A good hunter kills two rabbits with one shot. Of course, it can be easily done since for any two points we can always draw a line containing the both. But killing three or more rabbits in one shot is much more difficult task. To be the best hunter in the world one should be able to kill the maximal possible number of rabbits. Assume that rabbit is a point on the plane with integer x and y coordinates. Having a set of rabbits you are to find the largest number of rabbits that can be killed with single shot, i.e. maximum number of points lying exactly on the same line. No two rabbits sit at one point.

Input

An input contains an integer N (3 ≤  N ≤ 200) specifying the number of rabbits. Each of the next N lines in the input contains the x coordinate and the y coordinate (in this order) separated by a space (−2000 ≤  x,  y ≤ 2000).

Output

The output contains the maximal number of rabbits situated in one line.

Sample Input

6                           5
7 122
8 139
9 156
10 173
11 190
-100 1

题意+思路：在一个坐标格中，从给出的每个坐标点出发，与给出的其他点分别连成直线。题中说每一枪打到最多的兔子，就是找到一条直线，该条直线上含的坐标点最多，就相当于找连线斜率相同次数最多的相同次数。

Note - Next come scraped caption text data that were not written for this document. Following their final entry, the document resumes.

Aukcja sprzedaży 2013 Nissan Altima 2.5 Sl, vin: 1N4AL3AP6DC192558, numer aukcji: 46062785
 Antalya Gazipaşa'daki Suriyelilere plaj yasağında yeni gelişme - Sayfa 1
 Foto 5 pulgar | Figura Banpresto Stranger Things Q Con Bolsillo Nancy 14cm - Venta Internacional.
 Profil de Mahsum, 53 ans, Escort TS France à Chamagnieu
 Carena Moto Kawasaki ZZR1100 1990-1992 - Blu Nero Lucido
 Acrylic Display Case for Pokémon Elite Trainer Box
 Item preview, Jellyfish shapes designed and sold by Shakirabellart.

注意：从一个点出发，最后次数加这个点的兔子才是在这条直线上兔子的总数。

#include<iostream>
#include<cstdio>
#include<cstring>
#include<algorithm>
#include<cmath>
#include<map>
using namespace std;

const int maxn=505;
double a[maxn];

struct point
{
	double x,y;
}arr[maxn];

int main()
{
	int n;
	cin>>n;
	int k,max;
	for(int i=0;i<n;i++)
	{
		cin>>arr[i].x>>arr[i].y;
	}
	max=-1;
	for(int i=0;i<n;i++)
	{
		k=0;
		map<double,int>mp;
		for(int j=i+1;j<n;j++)
		{
			a[k]=(arr[i].y-arr[j].y)/(arr[i].x-arr[j].x);
			mp[a[k]]++;
			k++;
		}
		map<double,int>::iterator p1;
		for(p1=mp.begin();p1!=mp.end();p1++)
		{
			if(p1->second>max) max=p1->second;
		}
	}
	printf("%d\n",max+1);
	return 0;
}